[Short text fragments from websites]
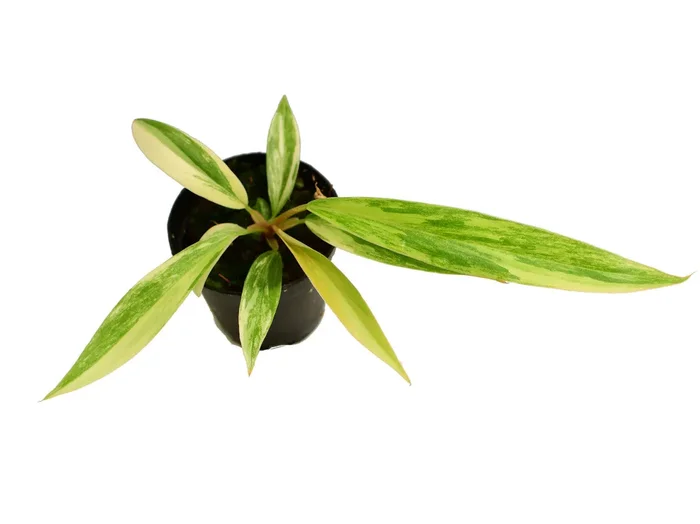 Philodendron Caramel Marble XS (5,5cm Topf)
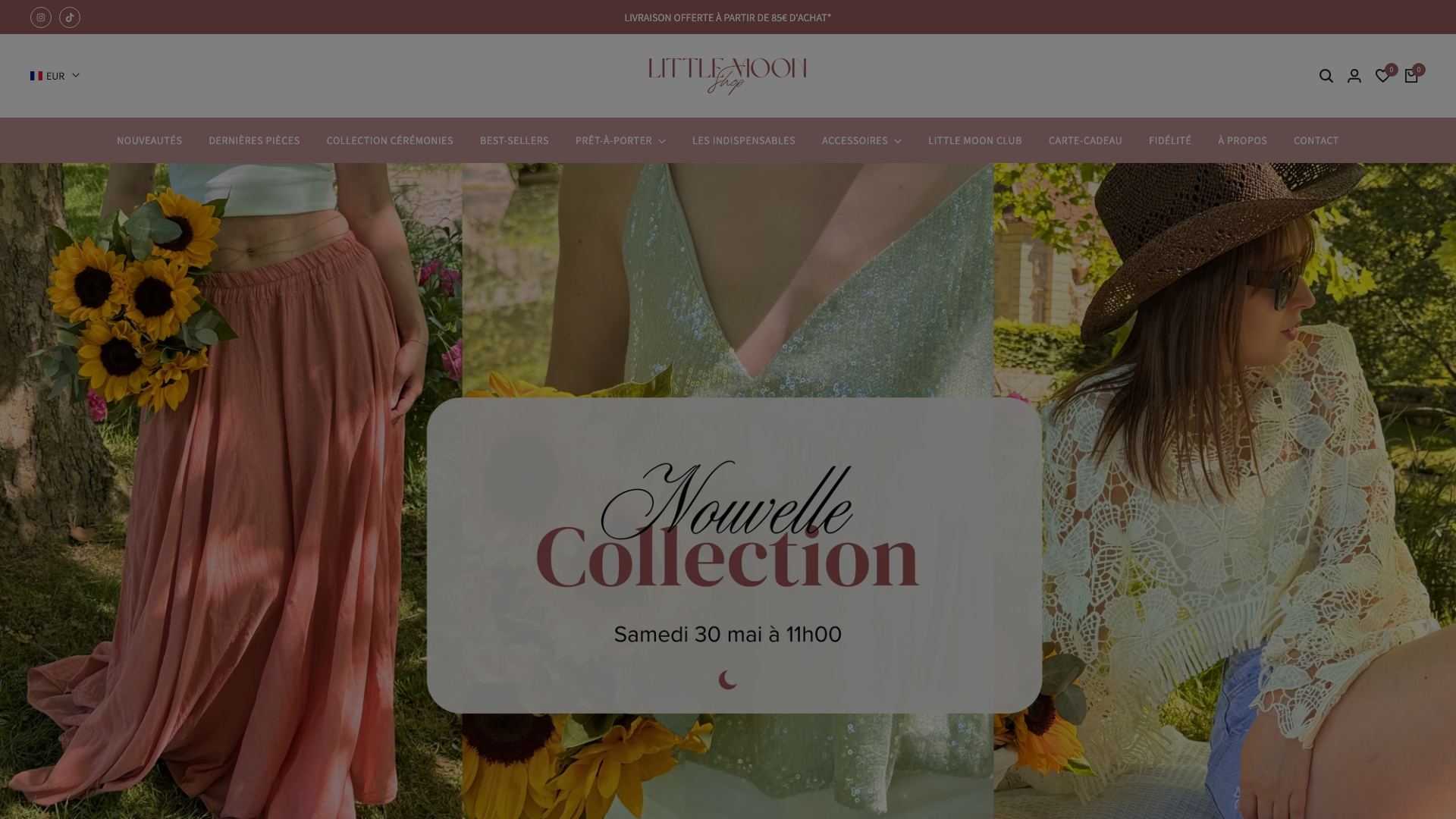 Little Moon Shop : une boutique en ligne qui a du style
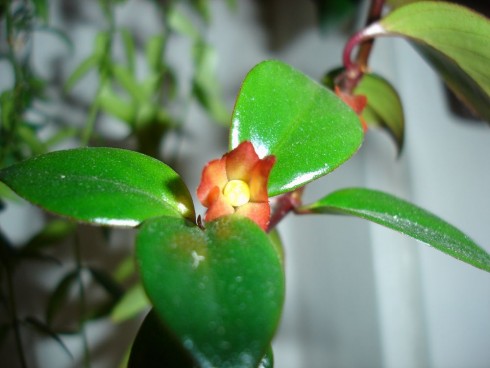 nematanthus Tropicana.jpg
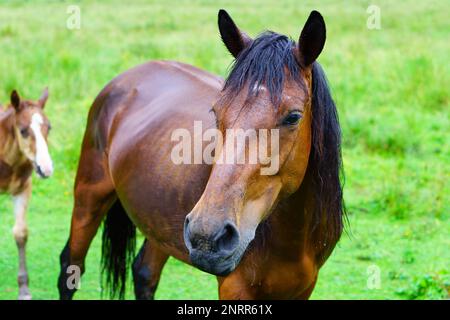 Ein Pferd und Fohlen, das auf einer Wiese grast. Pferdeporträt. Nahaufnahme, selektiver Fokus. Stockfoto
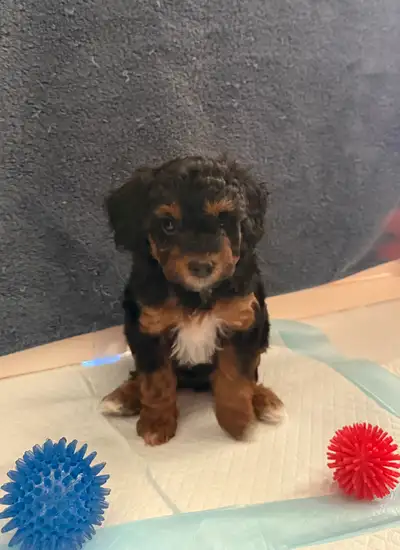 Three healthy loving puppies looking for their furever home. We were so excited for their mom’s firs...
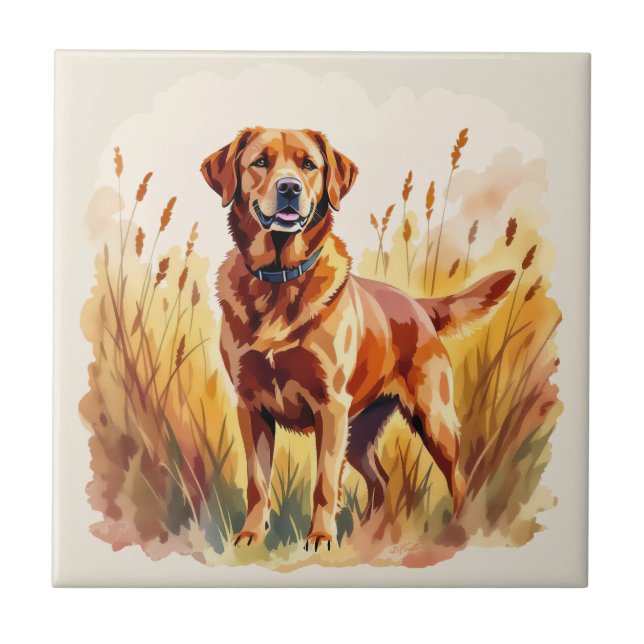 Fox Red Labrador Retriever Dog Ceramic Tile (Front)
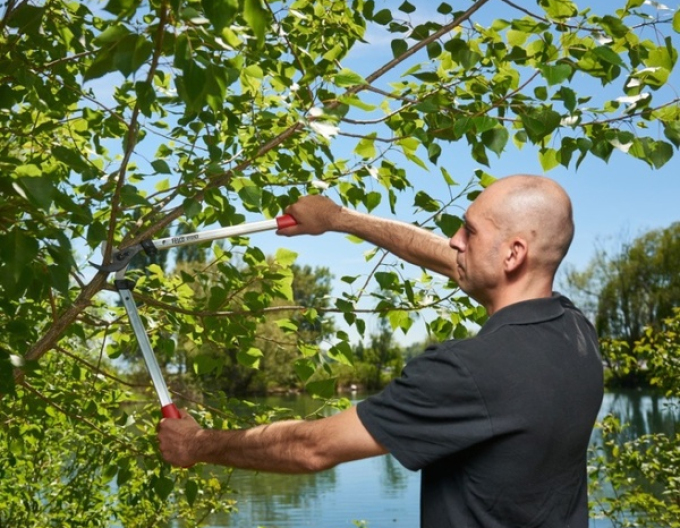 FELCO 211 - 60 Zweihand-Astschere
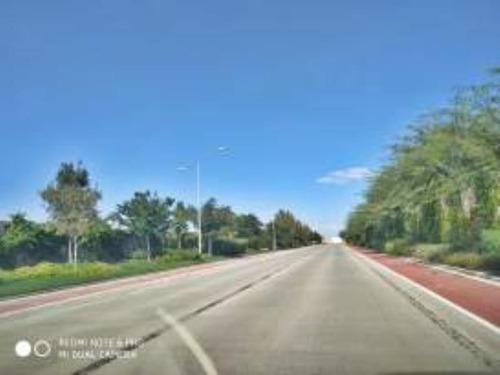 Imagen 2 de 7 de Terreno En Venta En Altozano Nueva Laguna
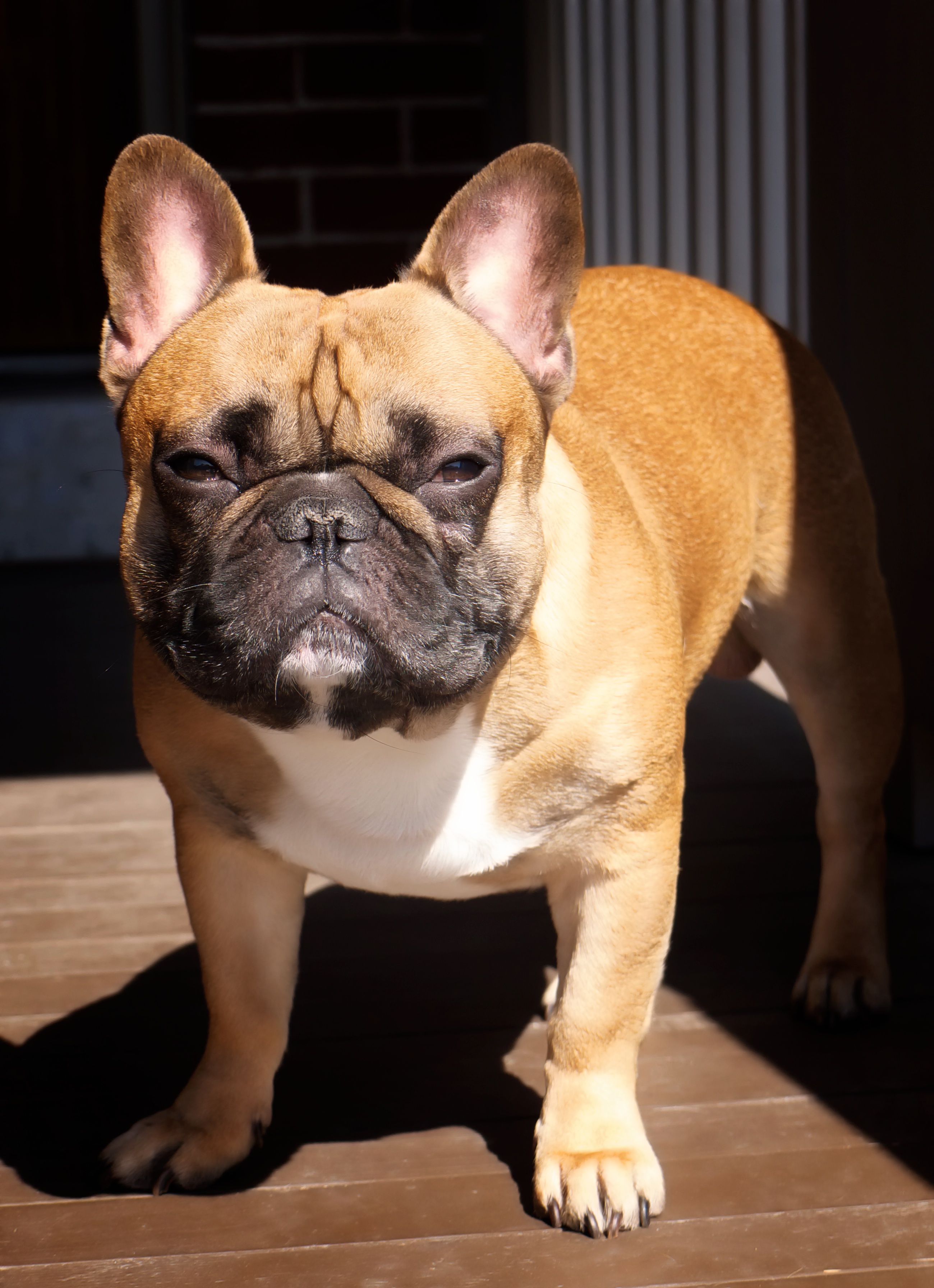 A French Bulldog with large bat ears and a flat face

Task to carry out » Reproduce nothing but the lines running from the line with "Little Moon Shop" through the end of the records, keeping both end lines and dropping the pictures.

Output below »
 Little Moon Shop : une boutique en ligne qui a du style
 nematanthus Tropicana.jpg
 Ein Pferd und Fohlen, das auf einer Wiese grast. Pferdeporträt. Nahaufnahme, selektiver Fokus. Stockfoto
 Three healthy loving puppies looking for their furever home. We were so excited for their mom’s firs...
 Fox Red Labrador Retriever Dog Ceramic Tile (Front)
 FELCO 211 - 60 Zweihand-Astschere
 Imagen 2 de 7 de Terreno En Venta En Altozano Nueva Laguna
 A French Bulldog with large bat ears and a flat face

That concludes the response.